Out of the data below, copy every line with the string "Blue".

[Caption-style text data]
----
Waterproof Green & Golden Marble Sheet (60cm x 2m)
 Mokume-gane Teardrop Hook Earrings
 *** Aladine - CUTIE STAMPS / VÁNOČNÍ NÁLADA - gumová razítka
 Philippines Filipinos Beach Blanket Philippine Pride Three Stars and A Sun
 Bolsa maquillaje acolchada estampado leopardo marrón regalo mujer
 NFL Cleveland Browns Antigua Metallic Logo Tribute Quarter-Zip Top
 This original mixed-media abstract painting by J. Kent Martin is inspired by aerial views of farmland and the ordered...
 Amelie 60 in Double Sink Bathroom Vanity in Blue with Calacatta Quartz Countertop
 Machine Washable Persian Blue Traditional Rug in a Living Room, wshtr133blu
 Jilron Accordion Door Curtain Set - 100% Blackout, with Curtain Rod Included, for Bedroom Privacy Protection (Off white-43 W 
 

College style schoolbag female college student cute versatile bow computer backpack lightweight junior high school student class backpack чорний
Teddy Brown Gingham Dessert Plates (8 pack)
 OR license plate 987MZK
----
> Exercise output
 Amelie 60 in Double Sink Bathroom Vanity in Blue with Calacatta Quartz Countertop
 Machine Washable Persian Blue Traditional Rug in a Living Room, wshtr133blu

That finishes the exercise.